Paul Archer was in the middle of a live TV interview when he saw an emotional moment nearby that changed him.
Archer, a Victoria artist specializing in airbrush work, had painted a portrait of Corporal Nathan Cirillo, who was gunned down in 2014 at Parliament Hill in Ottawa. The portrait was laid at the Victoria cenotaph as part of a Remembrance Day ceremony.
|Archer said he had tears in his eye while painting this veteran. (Archer Airbrushing/Facebook)|
“At the end of the ceremony, an old war vet walks up to the painting and he took off his poppy, laid it in front of the painting and then stood back and saluted it with tears in his eyes,” said Archer. “And that just brought me up and over … I started to mist.”
Archer, whose artwork graces the front of this special section on page A9, has been painting scenes of veterans every November for the past four years as a way of giving back.
Last November, Archer donated four of his paintings to the Royal Canadian Legion in Langford. Two depicted veterans in their uniforms; one was of the ‘last kiss’ between a soldier leaving on a train and a woman dressed in a Canadian Forces uniform; and another of a young child embracing her father just home from Afghanistan.
“I think it stems back from that one war vet, whoever he was, that happened to just lay down his poppy, step back and salute – that just told a million stories right there,” said Archer.
In addition to the Remembrance Day pieces, Archer has also undertaken a homeless series that features several veterans.
|Norm Scott, president of Royal Canadian Legion Branch #91 in Langford, Premier John Horgan and Archer stand with the Last Kiss painting. (Archer Airbrushing/Facebook)|
“When I see a homeless war vet, it just absolutely sinks my heart,” he said. “[These paintings] are heavy reminders for our generations.”

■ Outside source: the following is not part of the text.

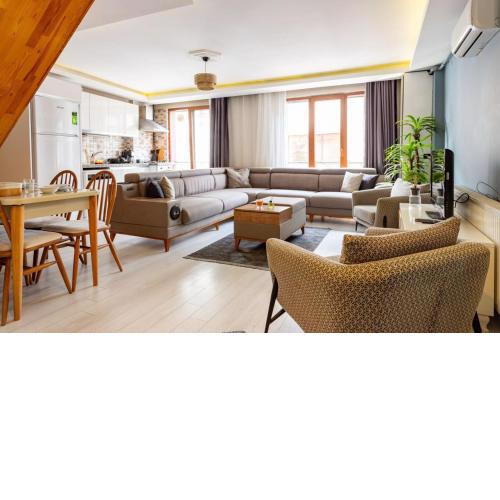 Antra Suites Galata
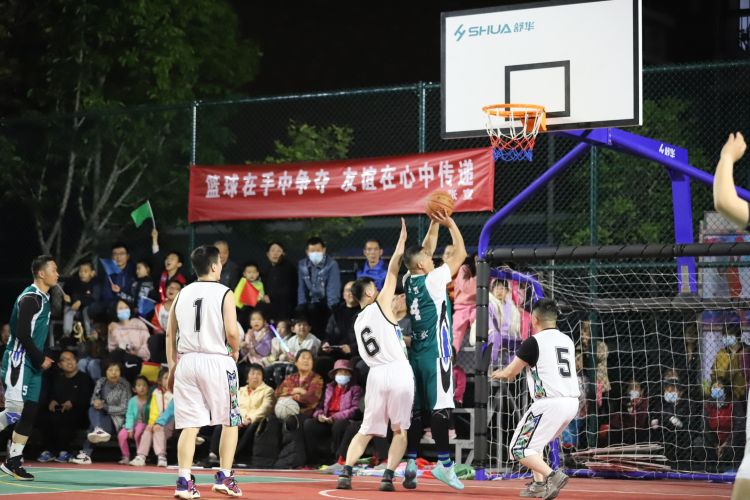 间的关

The first study looking at veteran homelessness in Canada found that an estimated 2,250 veterans use homeless shelters each year across the country.
According to the same study, almost three per cent of annual shelter users were identified as veterans.
Archer said he wants people to remember the sacrifices these veterans made when looking at his paintings.
“I guess my ultimate is for people to actually be affected emotionally by my work, whether it’s happy or scared and creepy or whether it’s love or painful,” he said. “I want to get to that point where my artwork has emotions to it.”
While this Remembrance Day will look different from those in the past, Archer said he’s hoping to continue on the tradition of painting a veteran each November.